Burkhardt: Sie haben schon mehrfach Bühneninszenierungen filmisch dokumentiert zum Beispiel die Oper "Brokeback Mountain" in der Regie von Ivo van Hove. Worauf muss man achten, wenn man eine Opern- oder eine Theaterinszenierung für die Leinwand besucht?

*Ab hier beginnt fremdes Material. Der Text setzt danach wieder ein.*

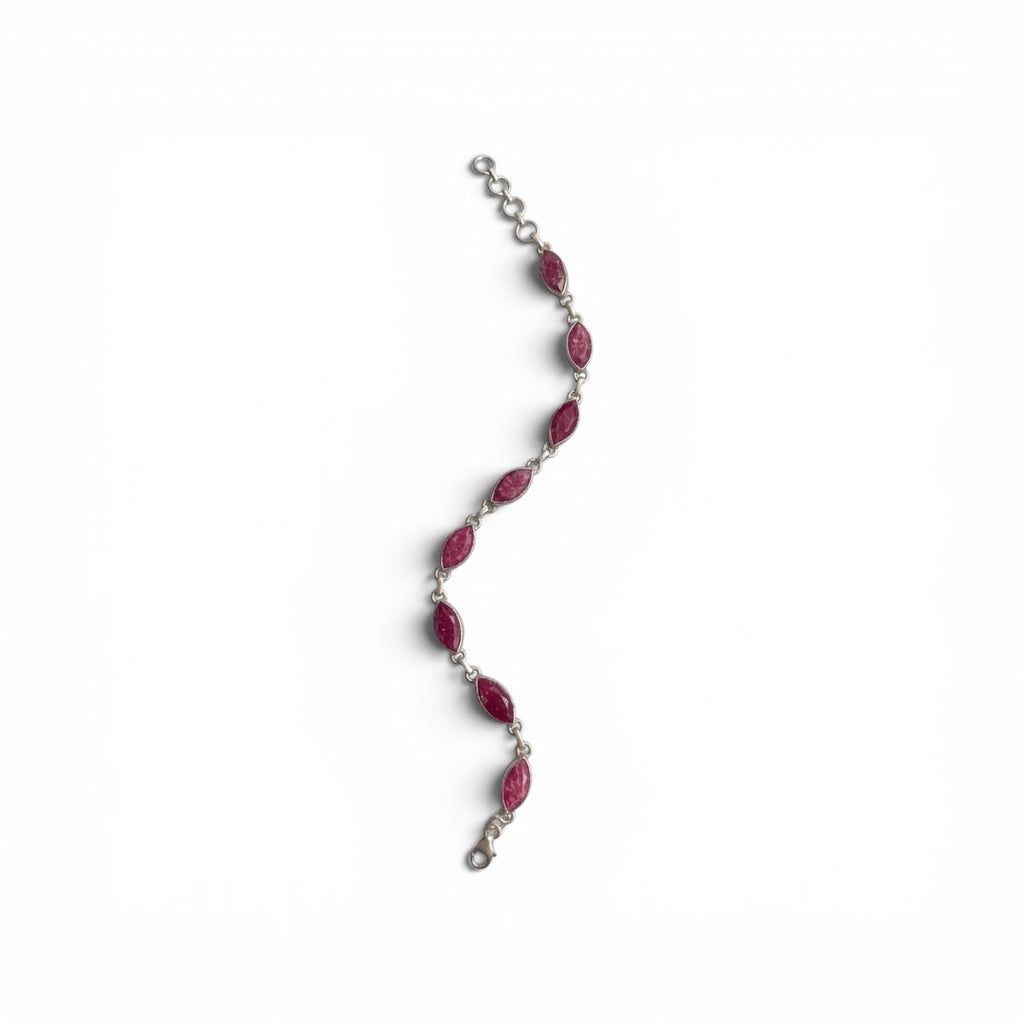 Pulsera Marquesa: Plata & Raíz de Rubí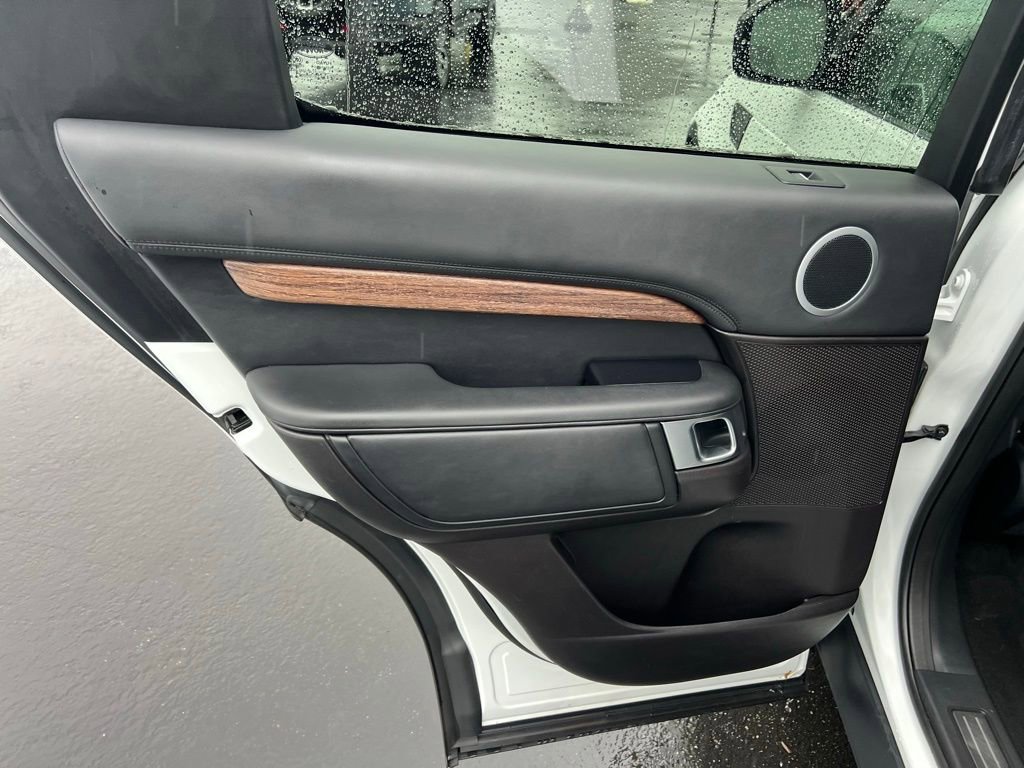 Used 2017 Land Rover Discovery HSE Luxury AWD/4WD image 15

Cuvillier: Theaterstücke oder Opern zu filmen bedeutet immer einen Kompromiss zu finden zwischen der Wahl der Perspektive des Filmemachers und der künstlerischen Vorlage des Theaterregisseurs. Denn wenn ich eine Bühnenaufführung filme, soll das in erster Linie repräsentativ sein für die Arbeit des jeweiligen Regisseurs. Wenn ich eine Oper filme, versuche ich Perspektiven zu finden, die erlauben, die Details wertschätzen zu können, die man nicht unbedingt sieht, wenn man im Zuschauerraum sitzt, weit weg oder irgendwo an der Seite, der Zuschauer hat ja immer nur einen Blickwinkel auf die Bühne, und der Vorteil beim Filmen besteht ja darin, dass man verschiedene Perspektiven kombinieren kann. Es ist also wieder die Arbeit des Beobachtens, des Hinsehens, meiner Ansicht nach darf man nicht zu aufdringlich sein, sich nicht einmischen, um nicht zu riskieren die Arbeit der Aufführung zu verfälschen. Aber es ist sehr interessant in das Werk eines anderen einzusteigen, das mag ich sehr.